Dans sa philosophie de l’État, Hegel, écrivant au début du XIXe siècle, montre que le problème moderne est celui de la conciliation entre l’universel et le particulier, que le grand défi est celui de la Befriedigung, cette « satisfaction » que le citoyen doit éprouver alors même qu’il accomplit son devoir exigé par l’État ; il doit pouvoir constater la conciliation de ses intérêts propres avec ceux de l’autorité étatique : défi considérable pour nous, à l’âge de la mondialisation et du tournoiement des identités en quête de reconnaissance !

L’Europe de l’universel est aussi l’Europe de la particularité féconde : d’un côté, en religion, le protestantisme, l’économie politique, de l’autre, notamment dans le libéralisme analysé par les Écossais selon un jeu entre besoins réciproques, désirs et passions, ce sont là deux domaines du droit conquis par les minorités ou par la société civile de marché. Ajoutons qu’au cœur de l’esprit européen, si l’on peut ainsi parler, se trouvent l’idée et le sentiment que l’homme est un être « capable d’universalité3 » alors qu’il vit dans des sociétés spécifiques et différentes entre elles. Mme de Staël estime que cette diversité est dans l’âme humaine elle- même : elle considère le catholicisme et le protestantisme comme des faits à la fois spirituels et anthropologiques4.

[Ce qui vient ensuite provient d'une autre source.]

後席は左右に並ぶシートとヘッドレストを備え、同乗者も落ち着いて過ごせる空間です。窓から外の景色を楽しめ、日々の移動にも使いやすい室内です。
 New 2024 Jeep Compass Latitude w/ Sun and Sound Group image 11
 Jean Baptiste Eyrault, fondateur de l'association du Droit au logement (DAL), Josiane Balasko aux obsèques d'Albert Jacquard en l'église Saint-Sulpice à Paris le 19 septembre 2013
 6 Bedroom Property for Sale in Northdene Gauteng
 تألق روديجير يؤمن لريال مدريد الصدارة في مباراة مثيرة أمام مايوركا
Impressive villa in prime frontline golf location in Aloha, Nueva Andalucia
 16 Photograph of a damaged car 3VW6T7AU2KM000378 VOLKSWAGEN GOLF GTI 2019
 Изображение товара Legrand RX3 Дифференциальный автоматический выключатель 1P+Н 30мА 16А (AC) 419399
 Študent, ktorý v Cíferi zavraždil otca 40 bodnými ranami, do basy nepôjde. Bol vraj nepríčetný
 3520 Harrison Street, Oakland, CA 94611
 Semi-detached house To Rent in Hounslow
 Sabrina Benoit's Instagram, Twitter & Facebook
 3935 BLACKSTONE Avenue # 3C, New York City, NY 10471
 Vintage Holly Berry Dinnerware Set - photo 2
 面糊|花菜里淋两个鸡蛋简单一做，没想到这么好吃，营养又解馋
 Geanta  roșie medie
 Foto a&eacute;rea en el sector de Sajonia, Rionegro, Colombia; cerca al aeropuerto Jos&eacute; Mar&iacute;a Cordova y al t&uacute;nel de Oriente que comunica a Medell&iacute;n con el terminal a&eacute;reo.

Chez Germaine de Staël, la capacité à relier l’universel et le particulier trouve son application dans tous les domaines : art, politique, morale, connaissance historique, aperçus économiques. Je voudrais le montrer sur deux cas précis, concernant directement la tradition européenne : le sujet libéral, les nations dans leur vie et leur identité. Pour ce qui concerne le premier aspect, la notion de « libéralisme du sujet » exposée dans mon ouvrage, L’Individu effacé ou le paradoxe du libéralisme français5, implique la nécessité d’une formation de soi (Bildung en allemand) et d’une connaissance de soi, pour juger le monde et agir sur lui. Comme on le sait, le libéralisme de Mme de Staël et de Benjamin Constant n’est pas empiriste ; il définit un fondement intellectuel et spirituel, un sujet au sens philosophique du terme. Cette capacité de l’esprit a été baptisée « libéralité de jugement » par Mme de Staël elle-même, en avant-propos à De l’Allemagne. Il est donc utile de commencer par là, avant d’en venir à l’autre vocable créé par Germaine de Staël : les « nationalités ». Un tel enchaînement s’impose puisqu’elle-même a écrit : « L’indépendance de l’âme fondera celle des États6 ». (De l’Allemagne). Notre ordre sera donc : l’âme d’abord, puis les nations ou les États-nations. En conclusion, on pourra revenir sur les thèmes majeurs qui font de Mme de Staël un témoin privilégié et aussi un acteur de la diversité européenne. Une diversité qui, finalement, pourrait être analysée à partir de trois termes génériques qu’elle a créés en français : la « vulgarité » opposée au bon goût, la « nationalité » dans ses tensions avec l’universel, la « libéralité » dans son rapport avec l’esprit humain. Nous commencerons donc par la liberté de l’esprit.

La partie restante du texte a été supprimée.